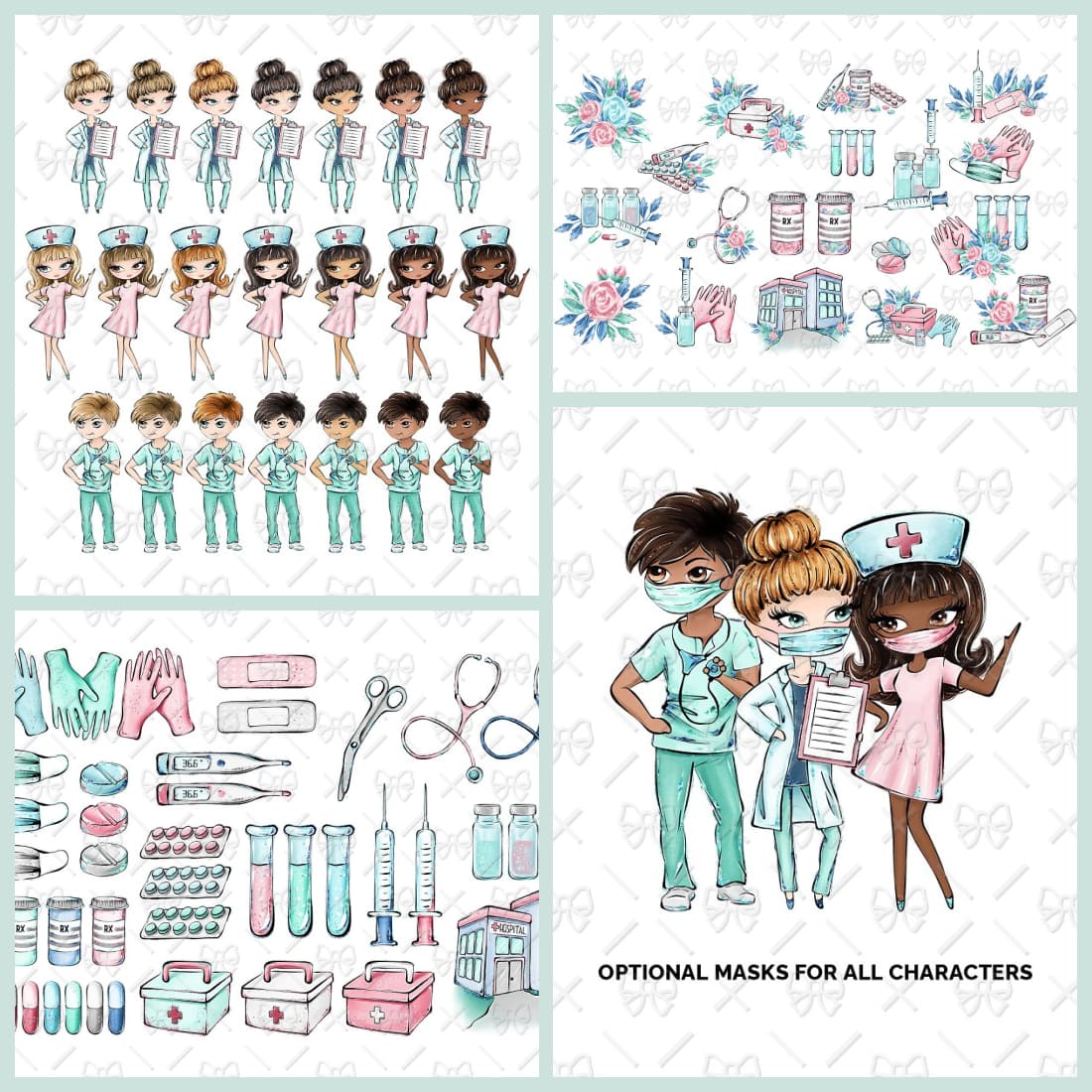 medical watercolor clipart preview image.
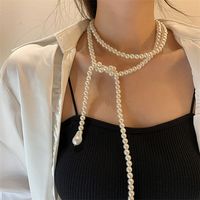 Fashion Geometric Multi-layered Pearl Knotted Long Necklace Wholesale main image 4
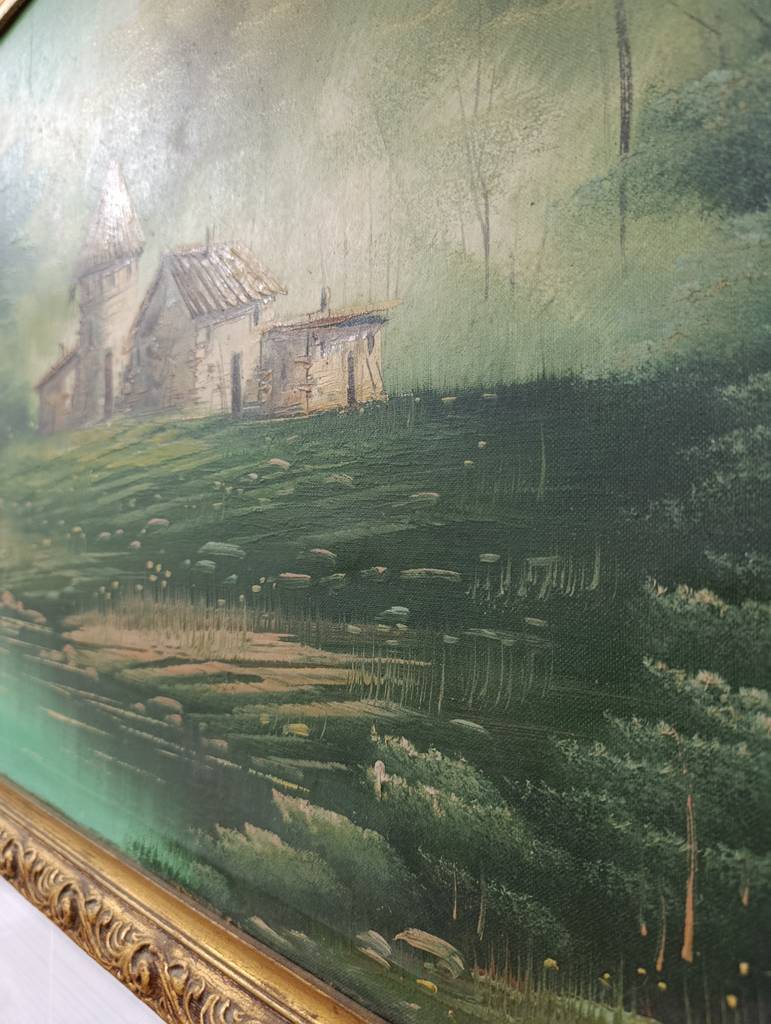 CUADRO AL OLEO VINTAGE PAISAJE CON MOLINO - Imagen 5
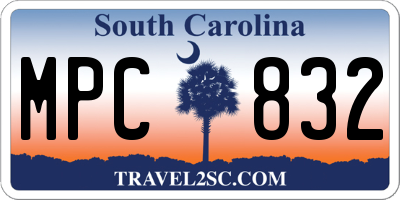 SC license plate MPC832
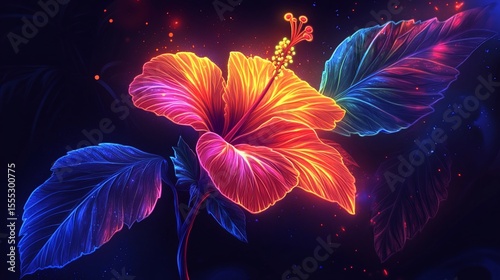 Vibrant hibiscus flower glows in vibrant neon colors, surrounded by dark background, with glowing leaves
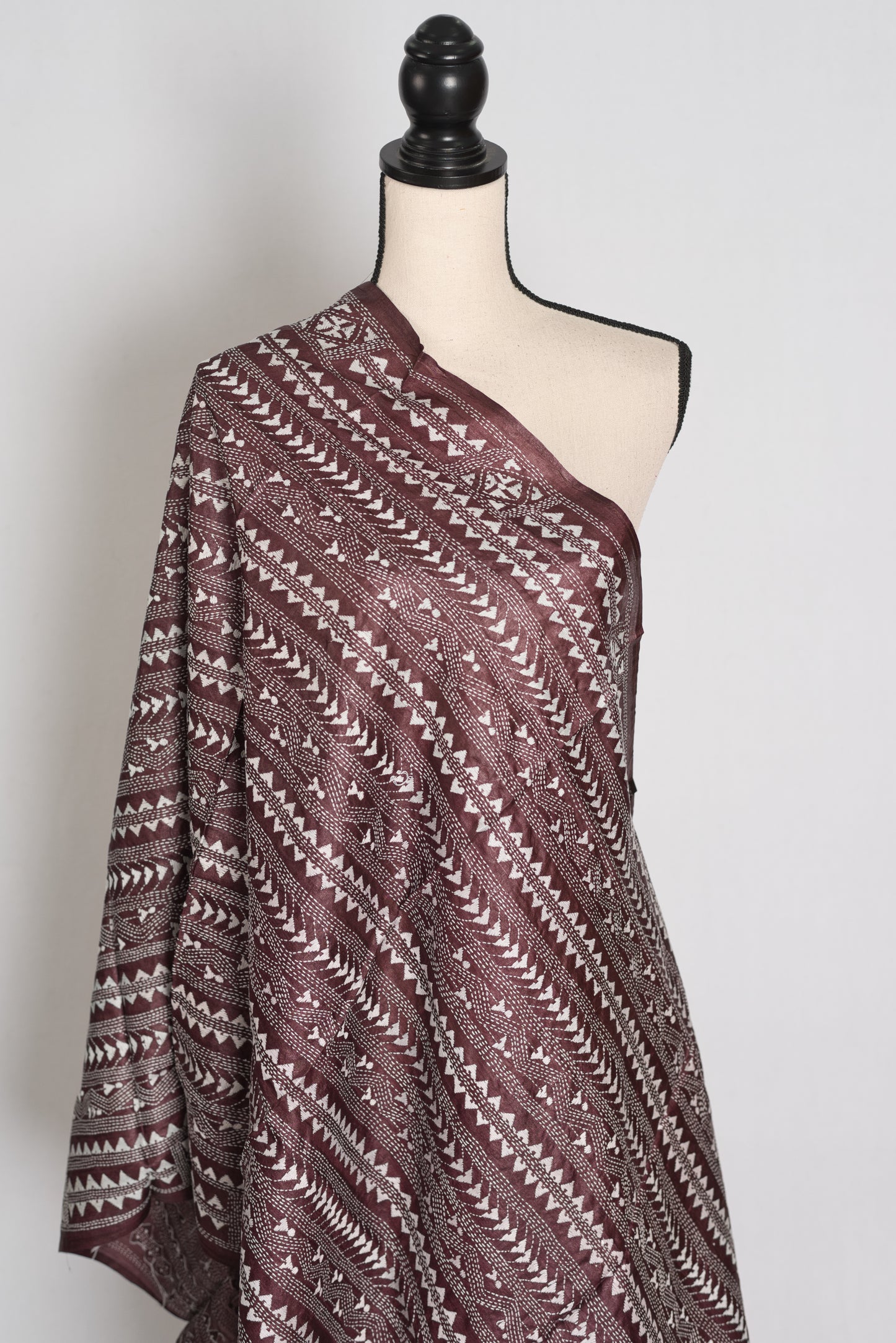 Artisanal West Bengal Dark Brown Pure Desi Tussar Silk Kantha Dupatta image 1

TASK BRIEF
If an entry above holds a picture, omit the picture but retype everything else exactly.

TASK RESULT
 medical watercolor clipart preview image.
 Fashion Geometric Multi-layered Pearl Knotted Long Necklace Wholesale main image 4
 CUADRO AL OLEO VINTAGE PAISAJE CON MOLINO - Imagen 5
 SC license plate MPC832
 Vibrant hibiscus flower glows in vibrant neon colors, surrounded by dark background, with glowing leaves
 Artisanal West Bengal Dark Brown Pure Desi Tussar Silk Kantha Dupatta image 1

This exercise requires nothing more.